[Your task]:
Could you transcribe all of the data exactly and skip any pictures?

[Collected data]:
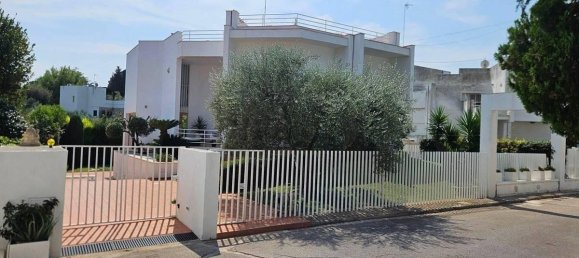 Villa de 5 divisões em Molfetta, Italy N.º 26662 19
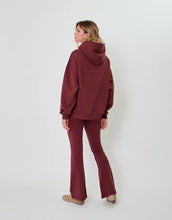 Laden Sie das Bild in den Galerie-Viewer, Boyfriend Hoodie Cherrywood von OH APRIL – gemütlicher Oversized Schnitt
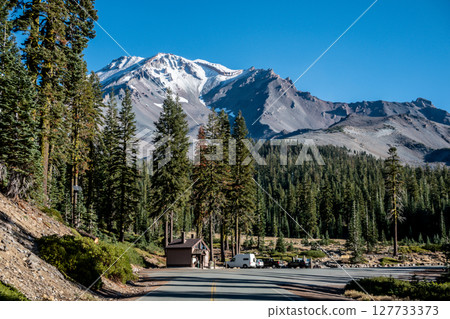mount shasta wilderness in northern california mount shasta wilderness in northern california 127733373
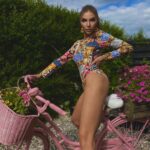 Luksusowe body damskie patchwork medusa od Sensual Woman w stylizacji z różowym rowerem i kwiatami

[Exercise result]:
 Villa de 5 divisões em Molfetta, Italy N.º 26662 19
 Laden Sie das Bild in den Galerie-Viewer, Boyfriend Hoodie Cherrywood von OH APRIL – gemütlicher Oversized Schnitt
mount shasta wilderness in northern california mount shasta wilderness in northern california 127733373
 Luksusowe body damskie patchwork medusa od Sensual Woman w stylizacji z różowym rowerem i kwiatami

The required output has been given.